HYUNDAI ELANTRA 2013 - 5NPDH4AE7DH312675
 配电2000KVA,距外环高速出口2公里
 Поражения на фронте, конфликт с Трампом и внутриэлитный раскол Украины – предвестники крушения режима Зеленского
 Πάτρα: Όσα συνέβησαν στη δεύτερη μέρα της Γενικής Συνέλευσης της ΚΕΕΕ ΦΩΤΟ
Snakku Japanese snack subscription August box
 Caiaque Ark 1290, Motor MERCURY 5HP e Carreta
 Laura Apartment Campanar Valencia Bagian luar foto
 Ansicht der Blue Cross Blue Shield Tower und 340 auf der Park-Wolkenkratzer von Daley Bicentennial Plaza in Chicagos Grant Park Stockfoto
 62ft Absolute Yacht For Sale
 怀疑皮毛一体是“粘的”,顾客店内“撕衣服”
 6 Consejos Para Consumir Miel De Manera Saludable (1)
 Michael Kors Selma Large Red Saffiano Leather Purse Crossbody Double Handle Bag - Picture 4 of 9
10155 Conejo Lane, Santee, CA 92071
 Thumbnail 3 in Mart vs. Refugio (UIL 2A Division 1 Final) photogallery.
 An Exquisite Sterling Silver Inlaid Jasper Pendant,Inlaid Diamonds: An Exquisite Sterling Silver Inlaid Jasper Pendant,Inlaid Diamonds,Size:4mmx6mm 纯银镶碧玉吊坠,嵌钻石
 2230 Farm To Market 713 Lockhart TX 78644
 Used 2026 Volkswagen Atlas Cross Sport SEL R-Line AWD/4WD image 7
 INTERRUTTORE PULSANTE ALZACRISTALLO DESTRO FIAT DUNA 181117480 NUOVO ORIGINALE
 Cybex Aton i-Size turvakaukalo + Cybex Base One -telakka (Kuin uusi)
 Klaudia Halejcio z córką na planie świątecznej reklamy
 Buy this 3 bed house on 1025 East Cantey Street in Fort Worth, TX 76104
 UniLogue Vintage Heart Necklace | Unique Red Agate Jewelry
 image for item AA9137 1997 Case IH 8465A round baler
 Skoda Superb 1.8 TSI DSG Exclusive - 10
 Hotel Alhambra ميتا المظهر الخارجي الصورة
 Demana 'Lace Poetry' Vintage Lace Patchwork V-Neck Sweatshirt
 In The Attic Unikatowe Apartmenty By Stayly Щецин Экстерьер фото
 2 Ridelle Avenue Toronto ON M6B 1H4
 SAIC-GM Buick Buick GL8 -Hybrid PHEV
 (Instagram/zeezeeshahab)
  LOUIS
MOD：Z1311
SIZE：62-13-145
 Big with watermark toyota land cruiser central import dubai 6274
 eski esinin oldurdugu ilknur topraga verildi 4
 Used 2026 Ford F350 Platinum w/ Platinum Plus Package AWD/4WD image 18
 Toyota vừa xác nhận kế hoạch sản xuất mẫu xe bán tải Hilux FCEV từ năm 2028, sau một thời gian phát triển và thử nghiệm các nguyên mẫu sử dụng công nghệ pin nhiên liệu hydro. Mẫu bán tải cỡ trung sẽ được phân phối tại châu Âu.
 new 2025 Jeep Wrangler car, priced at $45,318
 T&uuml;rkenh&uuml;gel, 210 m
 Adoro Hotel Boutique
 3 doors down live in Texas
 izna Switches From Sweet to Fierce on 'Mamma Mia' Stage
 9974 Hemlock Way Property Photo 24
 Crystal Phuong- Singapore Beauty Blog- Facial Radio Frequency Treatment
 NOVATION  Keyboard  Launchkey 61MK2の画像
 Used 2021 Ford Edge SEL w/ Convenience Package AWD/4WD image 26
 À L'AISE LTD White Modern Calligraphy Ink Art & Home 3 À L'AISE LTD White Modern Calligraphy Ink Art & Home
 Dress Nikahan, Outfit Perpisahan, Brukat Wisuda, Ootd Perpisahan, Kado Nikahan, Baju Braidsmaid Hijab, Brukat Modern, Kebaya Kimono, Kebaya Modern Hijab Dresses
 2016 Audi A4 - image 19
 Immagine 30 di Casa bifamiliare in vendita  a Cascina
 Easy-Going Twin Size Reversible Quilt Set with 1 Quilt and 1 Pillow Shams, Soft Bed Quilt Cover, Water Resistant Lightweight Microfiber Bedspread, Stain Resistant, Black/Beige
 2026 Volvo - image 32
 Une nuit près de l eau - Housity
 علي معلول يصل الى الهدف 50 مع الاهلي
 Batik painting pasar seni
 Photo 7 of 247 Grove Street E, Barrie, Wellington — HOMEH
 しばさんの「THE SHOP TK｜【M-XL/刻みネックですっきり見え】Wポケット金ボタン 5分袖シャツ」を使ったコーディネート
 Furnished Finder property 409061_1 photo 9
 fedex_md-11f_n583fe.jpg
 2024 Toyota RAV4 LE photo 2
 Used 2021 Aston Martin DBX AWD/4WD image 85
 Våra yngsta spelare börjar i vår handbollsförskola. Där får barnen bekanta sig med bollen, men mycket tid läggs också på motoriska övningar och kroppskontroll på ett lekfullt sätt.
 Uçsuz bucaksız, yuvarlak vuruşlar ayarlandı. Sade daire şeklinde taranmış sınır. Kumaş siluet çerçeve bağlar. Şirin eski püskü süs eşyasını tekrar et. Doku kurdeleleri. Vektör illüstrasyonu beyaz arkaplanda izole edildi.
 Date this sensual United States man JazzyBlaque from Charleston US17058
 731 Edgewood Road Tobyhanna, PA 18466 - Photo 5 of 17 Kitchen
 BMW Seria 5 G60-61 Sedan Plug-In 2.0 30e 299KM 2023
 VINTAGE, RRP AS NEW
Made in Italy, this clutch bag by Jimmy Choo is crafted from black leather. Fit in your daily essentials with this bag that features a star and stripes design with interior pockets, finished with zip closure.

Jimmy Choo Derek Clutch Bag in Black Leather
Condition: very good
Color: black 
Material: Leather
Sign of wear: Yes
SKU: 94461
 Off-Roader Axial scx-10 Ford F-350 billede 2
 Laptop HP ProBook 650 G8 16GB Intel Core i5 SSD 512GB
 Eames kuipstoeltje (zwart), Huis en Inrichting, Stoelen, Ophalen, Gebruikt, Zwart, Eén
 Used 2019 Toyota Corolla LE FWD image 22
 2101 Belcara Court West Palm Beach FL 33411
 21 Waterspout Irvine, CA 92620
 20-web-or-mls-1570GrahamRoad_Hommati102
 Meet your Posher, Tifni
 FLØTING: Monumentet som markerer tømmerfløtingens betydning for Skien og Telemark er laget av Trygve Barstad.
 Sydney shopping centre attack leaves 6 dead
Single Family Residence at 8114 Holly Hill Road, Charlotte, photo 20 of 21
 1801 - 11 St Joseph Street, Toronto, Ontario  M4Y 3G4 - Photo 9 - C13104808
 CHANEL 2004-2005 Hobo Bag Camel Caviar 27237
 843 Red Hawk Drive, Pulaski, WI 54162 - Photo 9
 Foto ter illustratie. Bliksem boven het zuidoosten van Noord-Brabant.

+++

Of the entries above, repeat exactly the lines between the line with "علي معلول يصل الى الهدف 50 مع الاهلي" and the line with "Used 2021 Aston Martin DBX AWD/4WD image 85", inclusive, and no others.

 علي معلول يصل الى الهدف 50 مع الاهلي
 Batik painting pasar seni
 Photo 7 of 247 Grove Street E, Barrie, Wellington — HOMEH
 しばさんの「THE SHOP TK｜【M-XL/刻みネックですっきり見え】Wポケット金ボタン 5分袖シャツ」を使ったコーディネート
 Furnished Finder property 409061_1 photo 9
 fedex_md-11f_n583fe.jpg
 2024 Toyota RAV4 LE photo 2
 Used 2021 Aston Martin DBX AWD/4WD image 85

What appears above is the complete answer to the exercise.